Un nouveau volet est venu s’ajouter cette année au programme des Journées cinématographiques de Carthage : «La diaspora», qui réunit des cinéastes arabes et africains installés à l’étranger; une initiative lancée par feu Néjib Ayed avec son équipe artistique, composée notamment de Lamia Guiga et Tarak Ben Chaabane.

Par Fawz Ben Ali

La diaspora comporte cette année 6 films de jeunes cinéastes originaires de Tunisie, d’Algérie ou encore du Lesotho, avec, notons-le, une participation féminine exceptionnelle, et pas seulement dans cette section mais également dans la compétition officielle et dans le reste du programme parallèle.
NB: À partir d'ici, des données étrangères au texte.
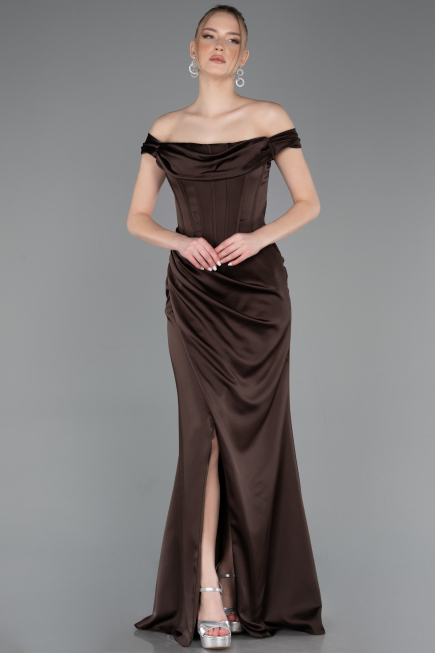 Long Brown Satin Evening Dress ABU5976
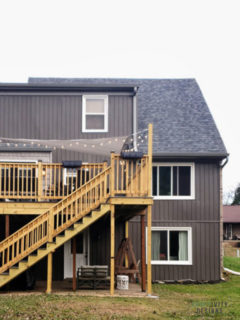 Exterior renovation with board and batten vertical siding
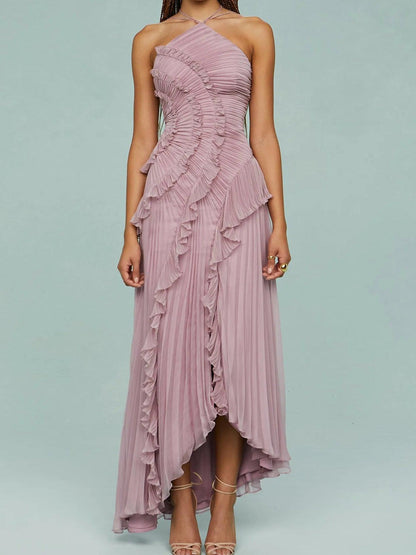Alora | Pleated Suspender Long Dress with Slits Dress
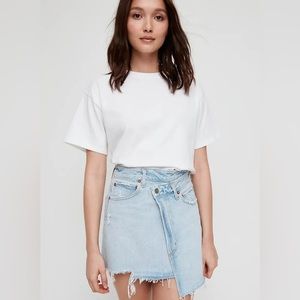 AGOLDE Criss Cross Denim Miniskirt Size 28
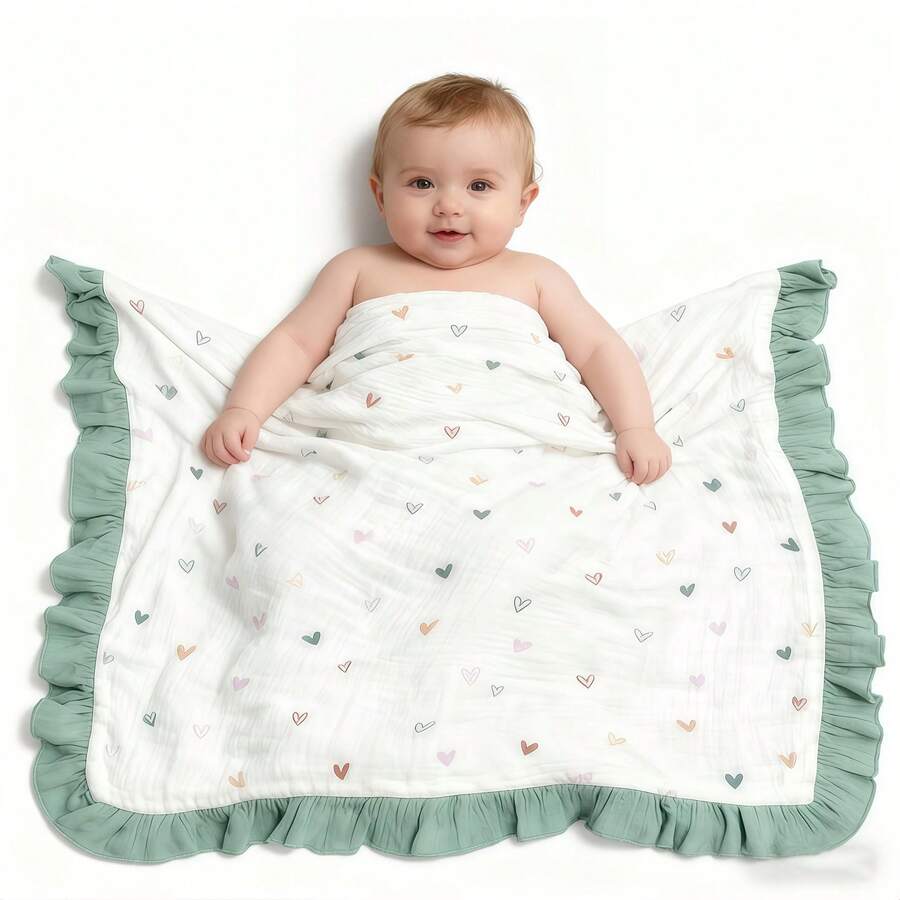 1pc Printed Double-Layer Crinkle Blanket, Newborn Baby Ruffled Edge Swaddle Wrap Quilt - Multicolor - View 1
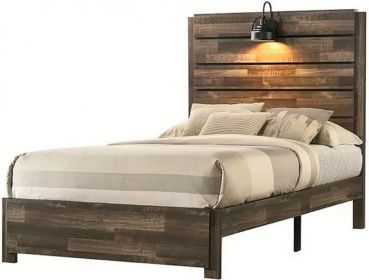 1pc Rustic Style Butcher Block Finish Weathered Brown Finish Full Size Bed w/ Lamp Wooden Bedroom Furniture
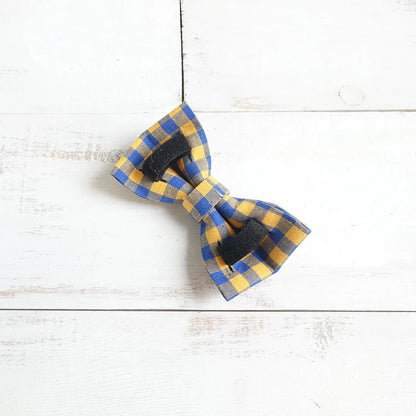 Yellow Blue Plaid Dog Bowtie Pets Collar Accessory Puppy Cat Pet Supplies Grooming Tools Dogs Dismountable Ornamental Bow Ties Dogy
Parmi les six films de la diaspora, deux œuvres signées par deux réalisatrices d’origine tunisienne ont beaucoup fait parler d’elles cette année : ‘‘Un divan à Tunis’’ de Manele Labidi et ‘‘Tu mérites un amour’’ de Hafsia Herzi, deux jeunes cinéastes qui brillent de justesse et de créativité avec chacune son tout premier long-métrage.

Portrait de groupe avec… divan.

‘‘Un divan à Tunis’’ : renouer avec ses racines…

D’abord il y a la jeune Franco-tunisienne Manele Labidi qui a créé la surprise en ayant réussi à mettre en tête d’affiche la star internationale Golshifteh Farahani; c’est certes un coup de pub considérable pour la sortie du film, qui s’est avéré être une très belle première œuvre au-delà du casting 5 étoiles qui réunit également Majd Mastoura (Ours d’argent du meilleur acteur à la Berlinale 2016 pour son rôle dans ‘‘Nhebek Hedi’’), ainsi qu’une belle distribution pour les nombreux seconds rôles, comme Jamel Sassi, Dalila Meftahi, Chedli Arfaoui, Hichem Yacoubi, Ramla Ayari…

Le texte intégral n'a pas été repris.